Task to carry out: For this exercise, reproduce each entry below exactly, excluding pictures.

Source data:
_____

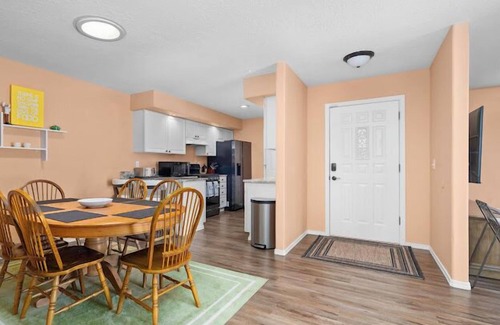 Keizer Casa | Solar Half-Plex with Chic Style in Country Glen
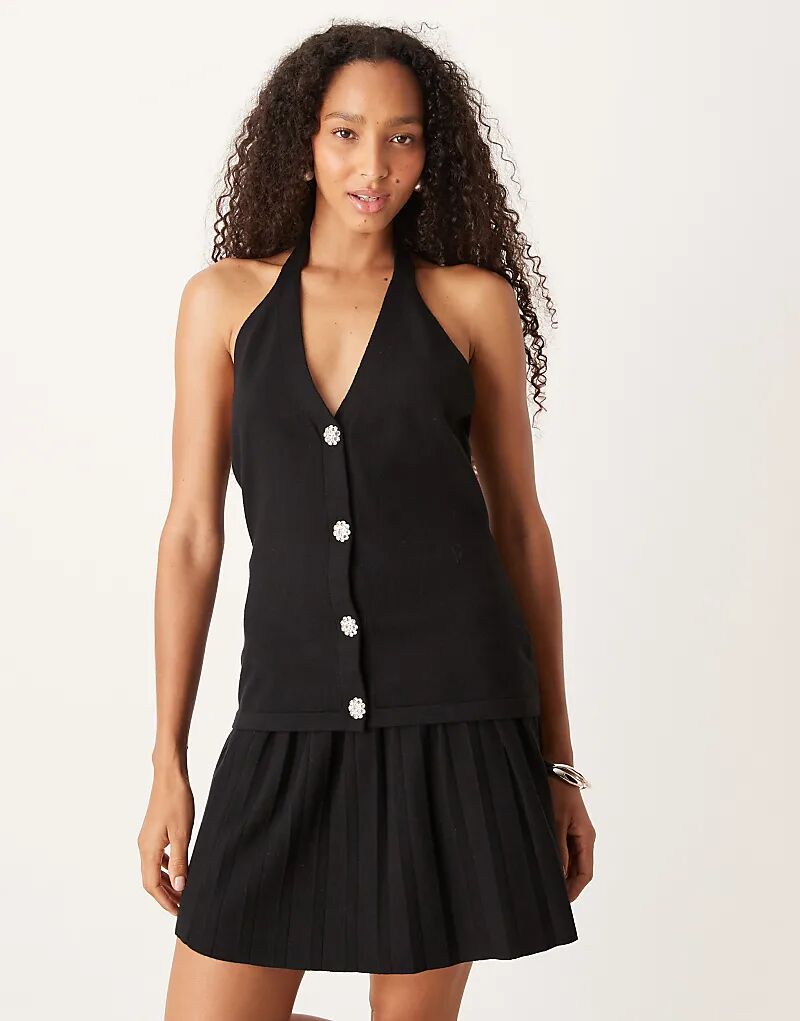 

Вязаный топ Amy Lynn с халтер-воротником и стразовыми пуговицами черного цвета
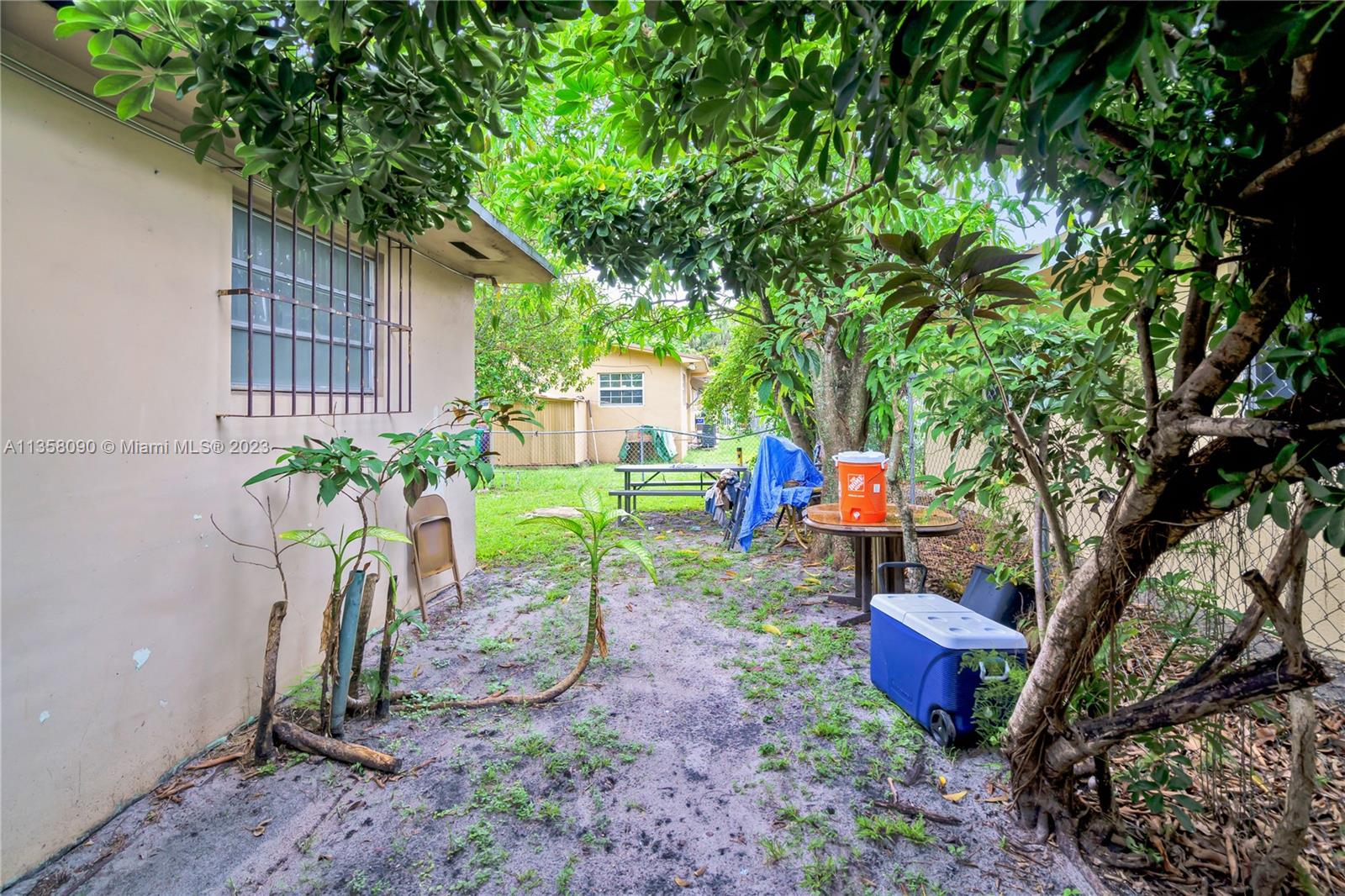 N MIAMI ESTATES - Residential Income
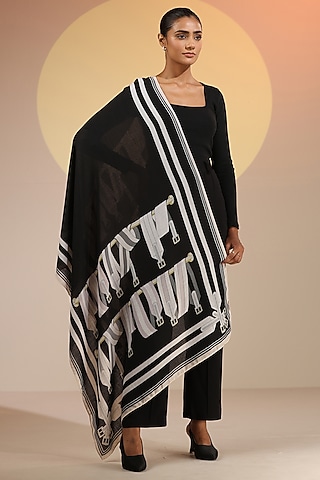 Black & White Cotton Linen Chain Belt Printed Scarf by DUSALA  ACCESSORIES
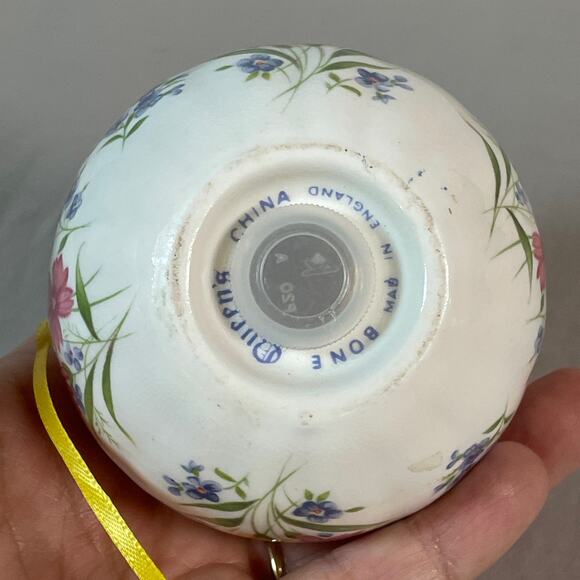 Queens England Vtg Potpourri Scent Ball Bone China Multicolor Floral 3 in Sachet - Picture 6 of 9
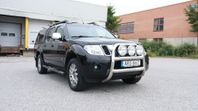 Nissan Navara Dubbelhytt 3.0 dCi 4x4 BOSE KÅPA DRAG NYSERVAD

_____

Answer space:
 Keizer Casa | Solar Half-Plex with Chic Style in Country Glen

Вязаный топ Amy Lynn с халтер-воротником и стразовыми пуговицами черного цвета
 N MIAMI ESTATES - Residential Income
 Black & White Cotton Linen Chain Belt Printed Scarf by DUSALA  ACCESSORIES
 Queens England Vtg Potpourri Scent Ball Bone China Multicolor Floral 3 in Sachet - Picture 6 of 9
 Nissan Navara Dubbelhytt 3.0 dCi 4x4 BOSE KÅPA DRAG NYSERVAD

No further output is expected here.